Take 1 kg of chicken pieces, rinse and pat dry. In a large bowl, add 1 tablespoon salt, 2 tablespoons ginger-garlic paste, ½ cup thick curd or plain yogurt, 1 tablespoon red chili powder, and 1 teaspoon turmeric powder, then mix everything together until the chicken pieces are well coated in this Indian-style marinade. Mix well to coat the chicken pieces and refrigerate for at least 1 hour.
To prepare the curry masala or spice mix, take 2 tablespoons coriander seeds, 1 tablespoon cumin seeds, 1 teaspoon black peppercorns, 2 to 3 green cardamoms, 1 piece of mace, 1 small piece of stone flower, 1 star anise, and 5 to 6 dried red chilies, then grind them in a dry grinder until you get a fine powder.
Heat 4 tablespoons mustard oil in a kadhai or frying pan, add 2 to 3 bay leaves, and sauté for a few seconds.

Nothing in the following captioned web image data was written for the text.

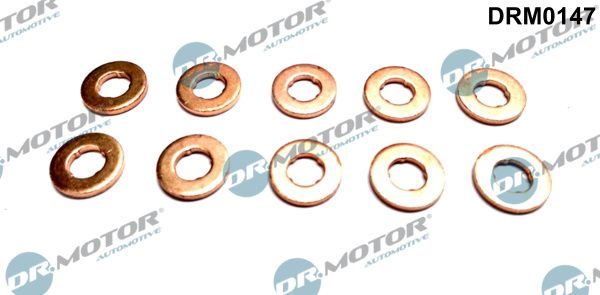 Прокладка форсунки паливної DR.MOTOR AUTOMOTIVE DRM0147 - zapix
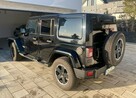 Jeep Wrangler Unlimited  Sahara  2.8 200KM, 4x4, Salon PL, Serwis, - 4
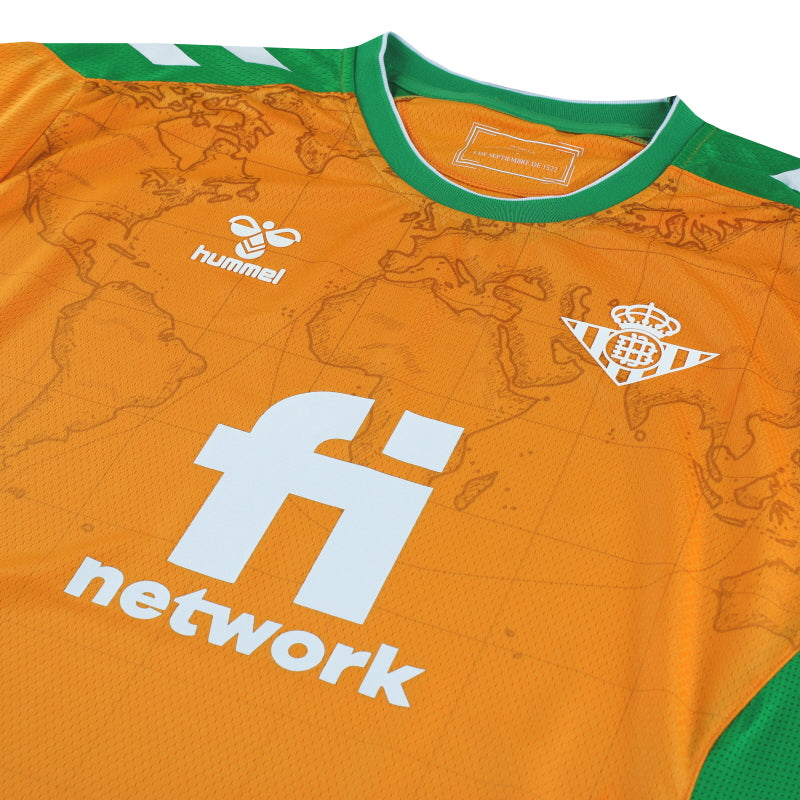 Maillot Real Betis - 2022-23 Third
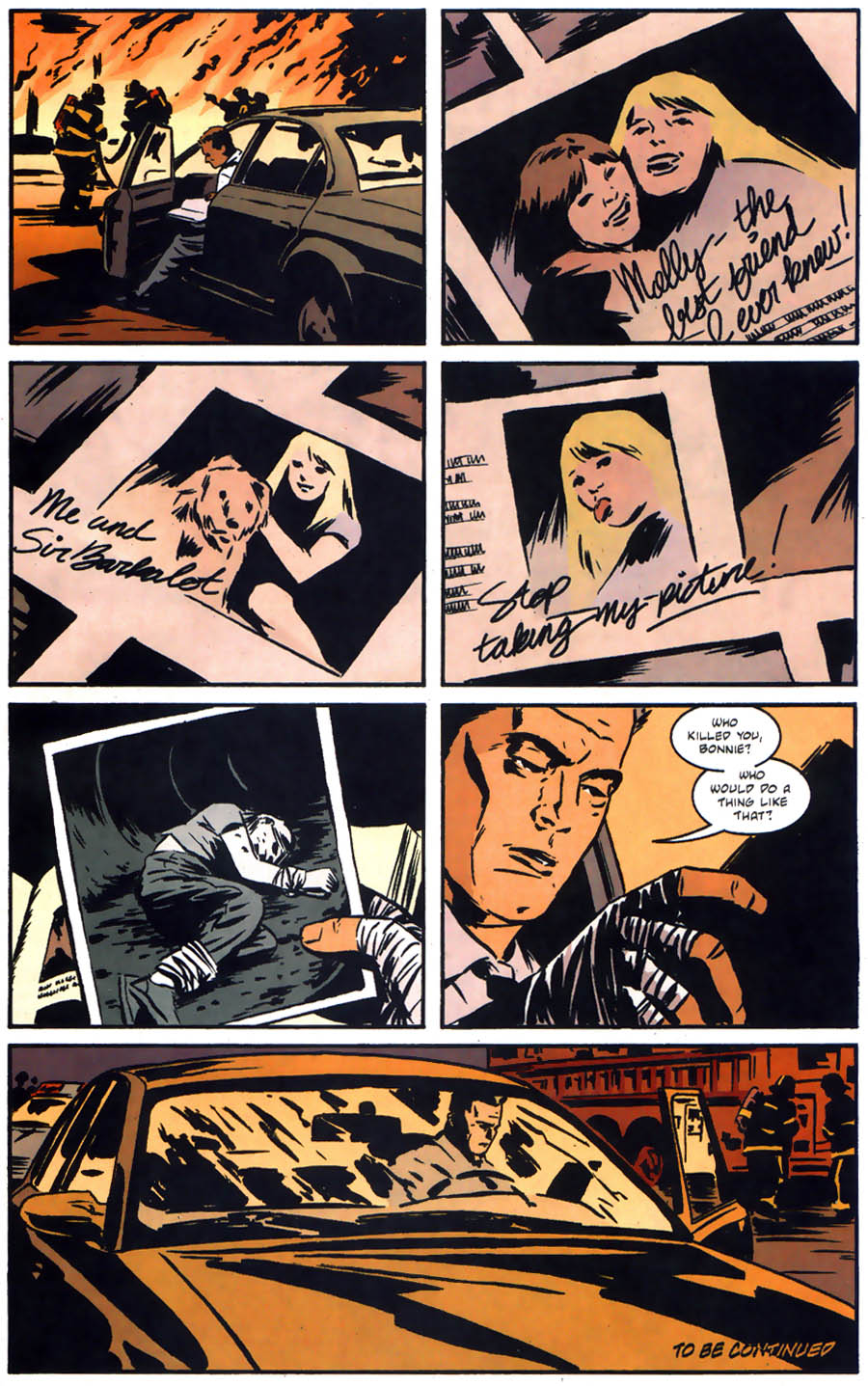 Gotham Central Issue #3 - Page 23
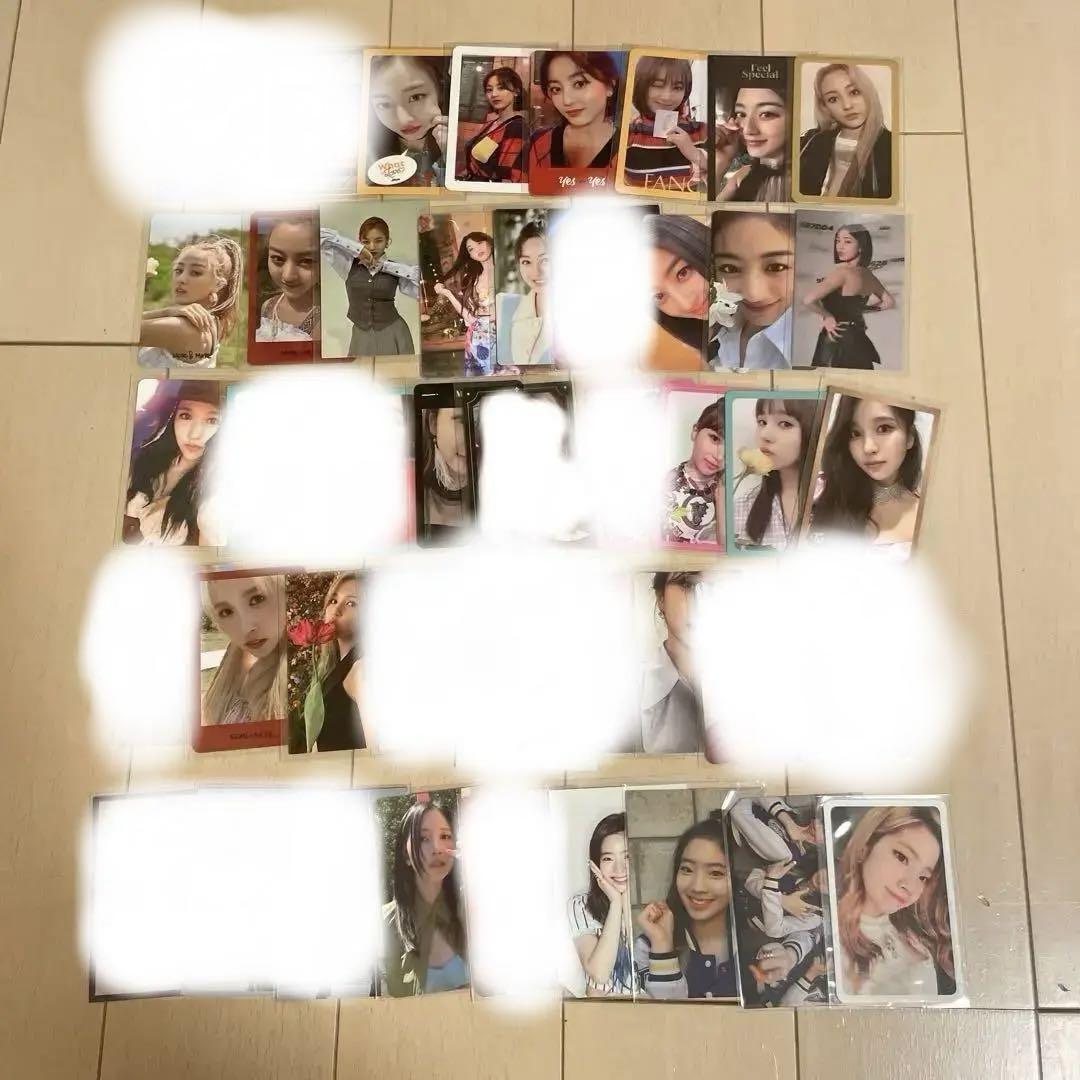 TWICE トレカ まとめ売り バラ売り要相談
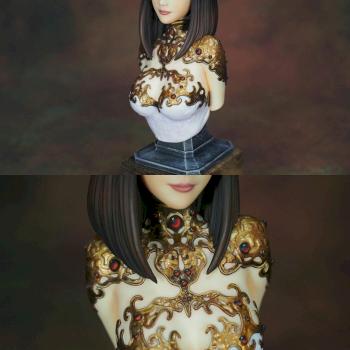 Arnee (Bustup figure) by Kitayama JP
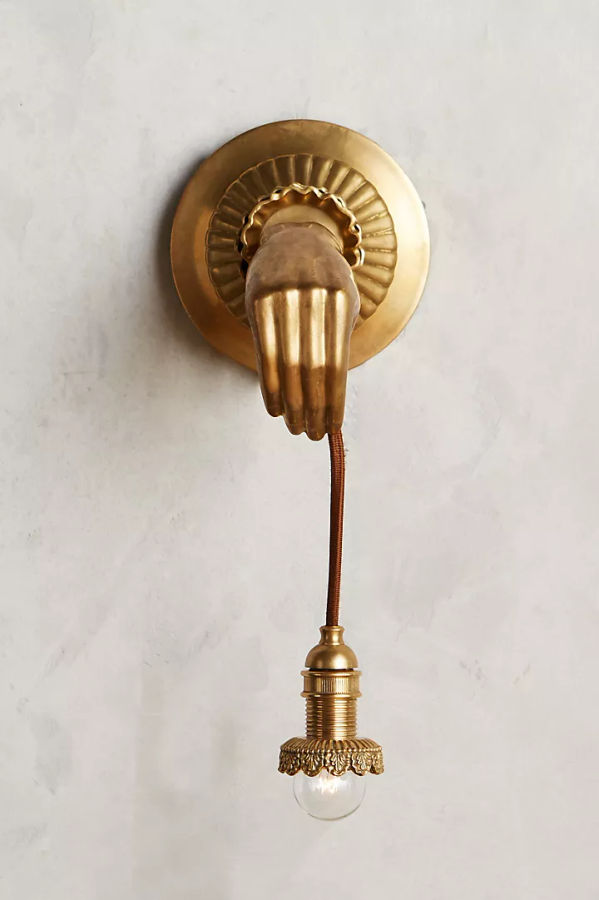 Sconce added by Rachel Plymale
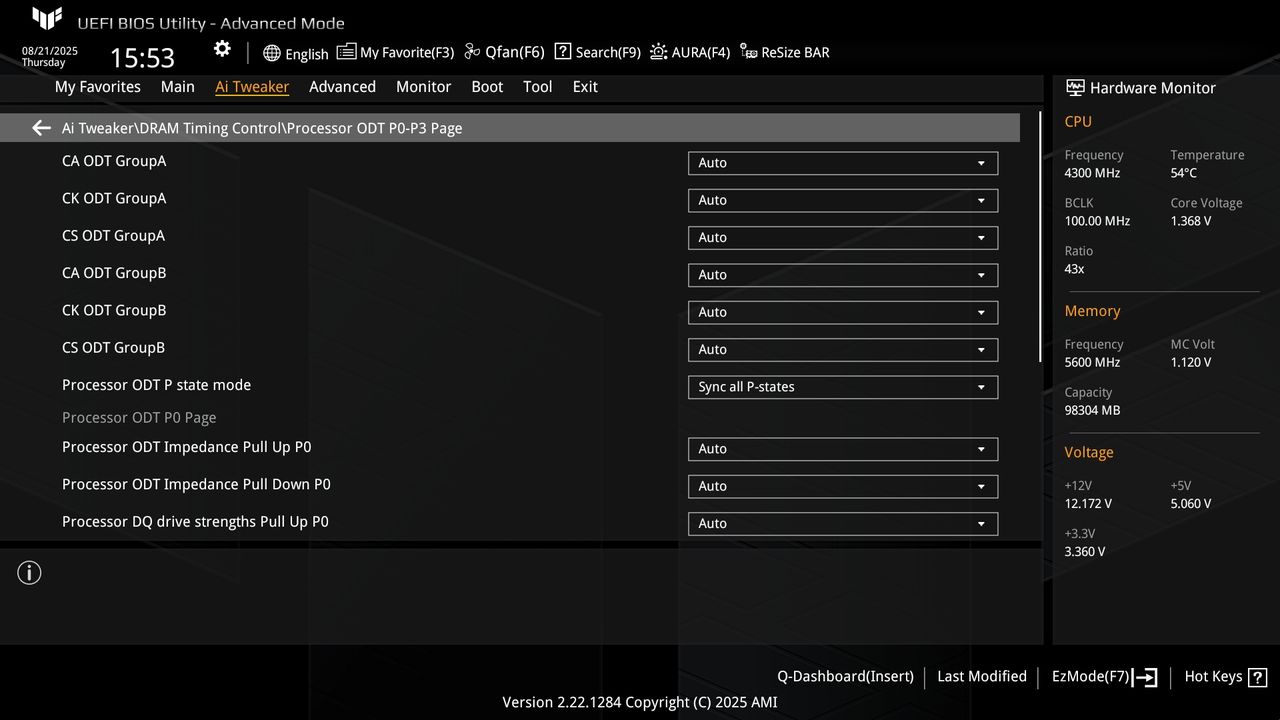 BIOS screenshot thumbnail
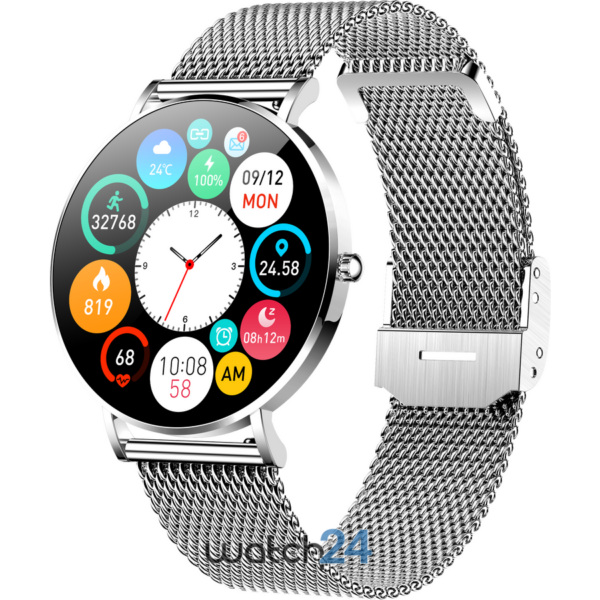 SmartWatch cu Meniu RO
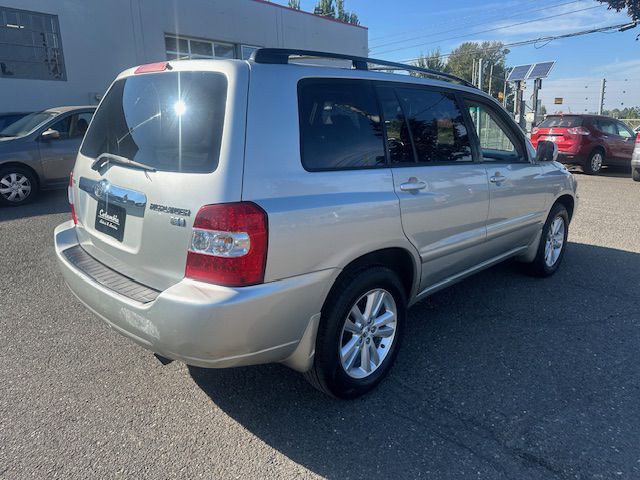 2006 Toyota Highlander Image 5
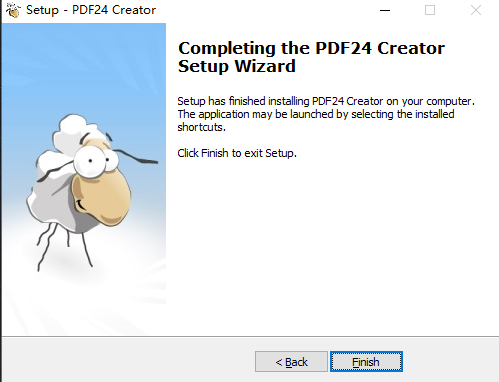 PDF24 Creator PDF24 Creator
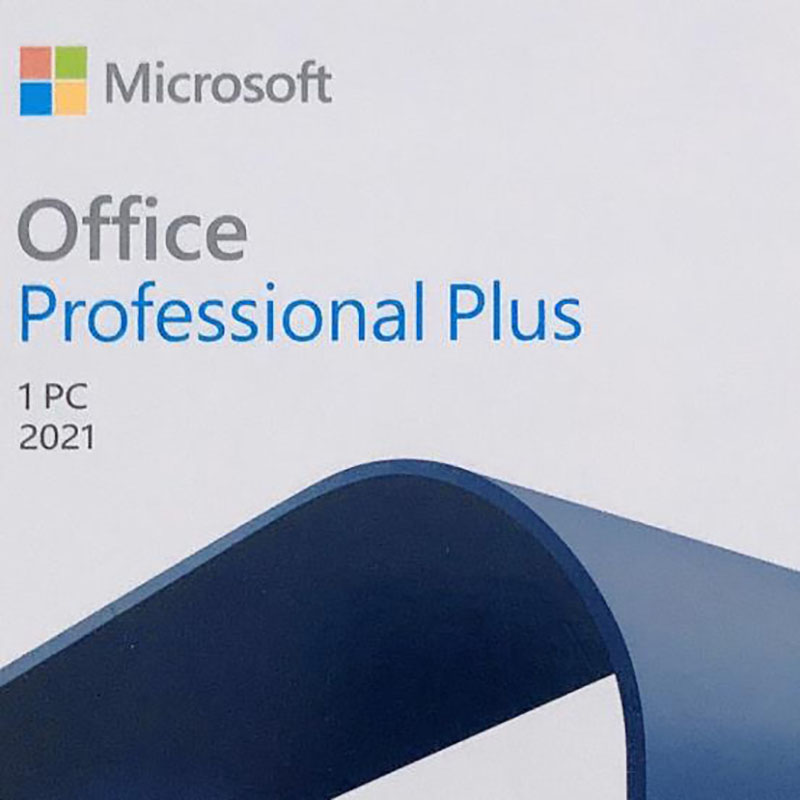 Office Professional Plus 2021 Product key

Add 2 large grated onions and cook until golden brown.
Add the marinated chicken and cook on medium flame for 5 to 6 minutes, stirring occasionally. Add the prepared spice mix and cook covered for 5 minutes. Add 2 medium chopped tomatoes and 2 to 3 green chilies, stir, cover, and cook for another 5 minutes.
Once done, remove the lid and add 1 cup of water to adjust the consistency of the gravy, stir well, and cover the pan again. Cook for 15 minutes until the chicken is tender and the curry thickens.
Sprinkle 2 tablespoons chopped coriander leaves, mix, and switch off the heat. Serve hot with rice or roti.